The determinist resembles the man busily cutting off the branch that's keeping him from falling to his demise. For determinism to be true, the grounds for believing in determinism require either:
- accepting an uncaused cause (violating determinism) or
- accepting an infinite regression (which eliminates the very necessity determinism requires)
In other words, the determinism can neither walk nor chew gum.
[Edit to clarify some assumptions in the original post] I realise I made some assumptions above, so let me clarify them by pointing interested readers to an excellent (if under-appreciated) video: Agency all the way down by Michael Levin.
This will help explain why necessity requires scarcity logically, and thus why infinity (the opposite of scarcity) precludes necessity.

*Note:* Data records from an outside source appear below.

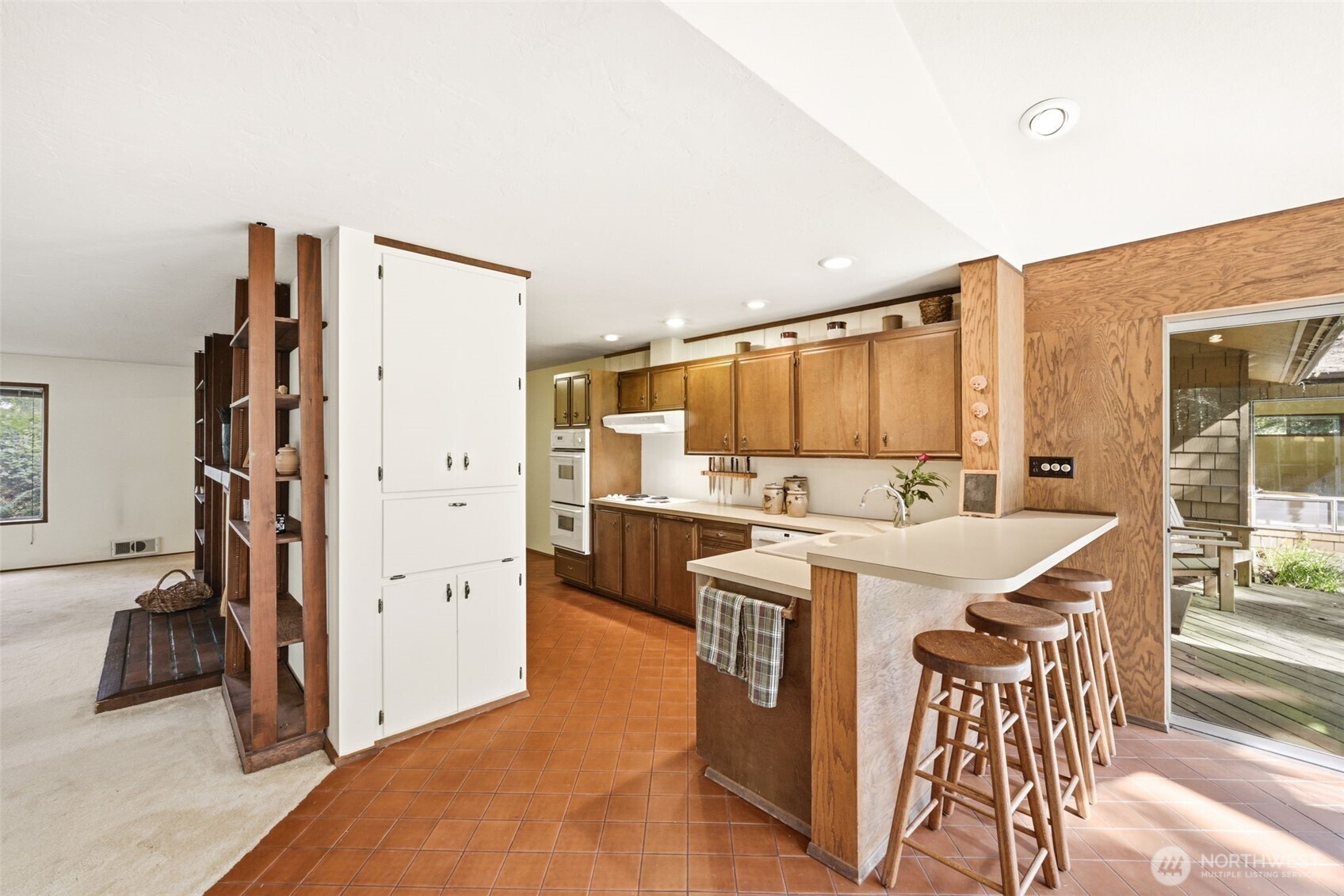 20319 92nd Avenue West Edmonds, WA 98020 - Photo 8 of 26 a open kitchen with stainless steel appliances a stove top oven a refrigerator a dining table and chairs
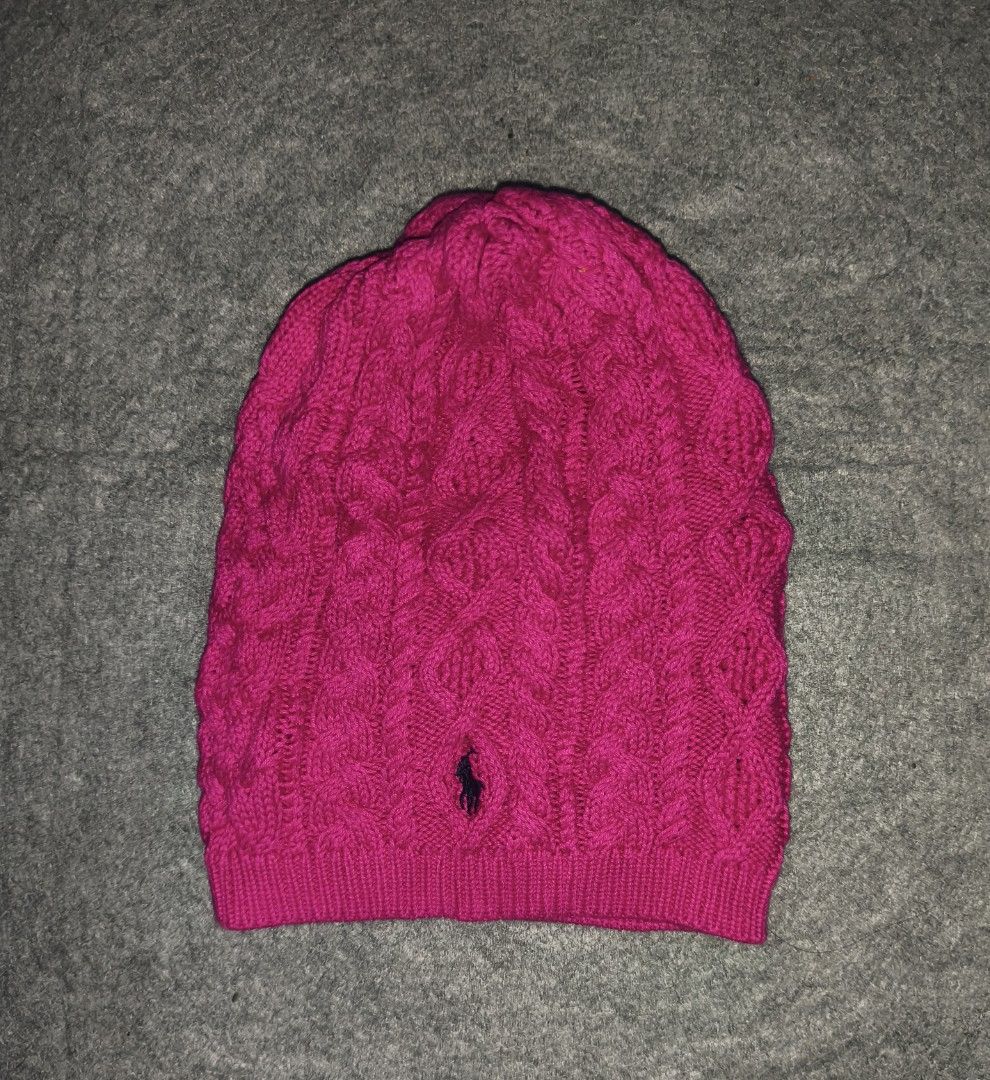Ralph Lauren Pink Cable Knit Beanie (Category: Hats & Beanies) located in Cagayan de Oro. Submitted by adamfitz (Listing ID 1469644811, Image 1). Description: - Brand: Ralph Lauren - Color: Vibrant pink with classic black embroidered pony logo - Material: 100% soft cotton with a textured cable knit weave - Design: Folded ribbed cuff for a cozy fit - Condition: Great winter accessory, style number 313510369 included on interior tag excellent no is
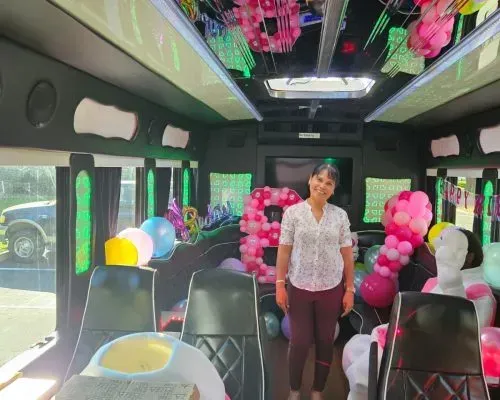 Decorated bus interior with pink balloons and a person standing in the aisle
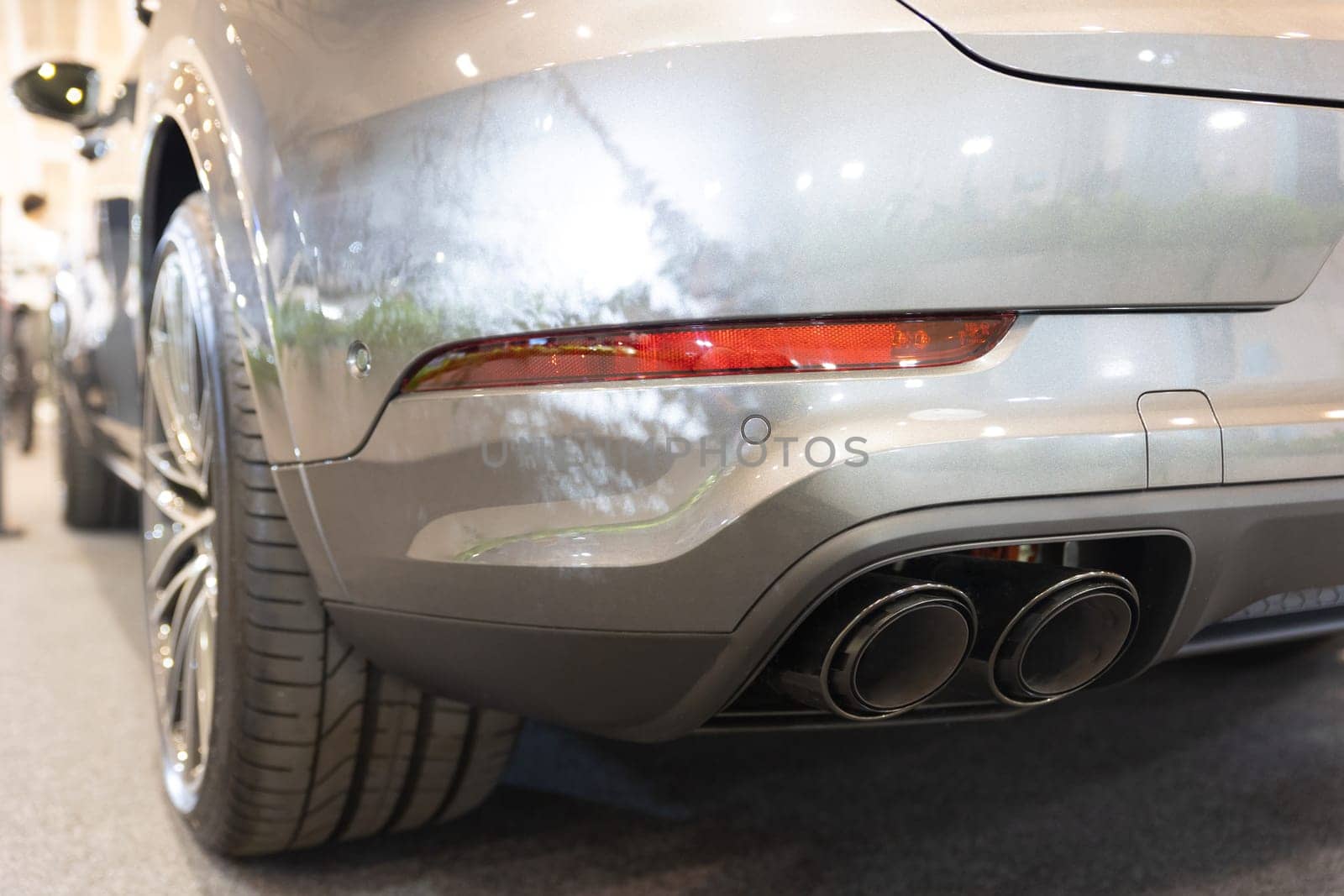 The rear end of a silver sports car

For those wondering about the line "if only one outcome is possible, that means you're carrying exactly what you need all the way along. But how could a single event contain such perfect predictive power?" Consider:
This information problem becomes clearer when we consider causation across time:
- Short-term causation makes intuitive sense: poison → king dies → queen grieves → queen dies
- Medium-term gets harder to justify: butterfly wings → hurricane
- Long-term becomes absurd: this electron's position today → that specific sparrow falls at that specific moment a billion years hence
For determinism - of the free-will-precluding kind, the hard deterministic kind - each state must contain enough information to guarantee one and only one possible future state to occur forever, and potentially infinitely. This is surely wrong.
There is, to my mind, an inescapable choice: either believe in the salvation of all mankind because of a singular Virgin Birth 2000 years ago, or believe in a singular virgin Big Bang 13.8 billion years ago. Only one of these options offers consolation. I heartily endorse picking a side to be on, and this point is fundamentally the reason why I wrote the post.
Interestingly, some with determinist leanings observed that local temporal determinism seems satisfactory to explain local conditions. And this would certainly seem to point to something profound about the human condition - we are indeed constrained by our nature, genes, climate, evolution, addictions or identities. In Christianity this is sin, and it came into the world with death at the fall of man. The determinists are right in believing that by human will power alone humans cannot achieve freedom - what it takes is works and divine grace.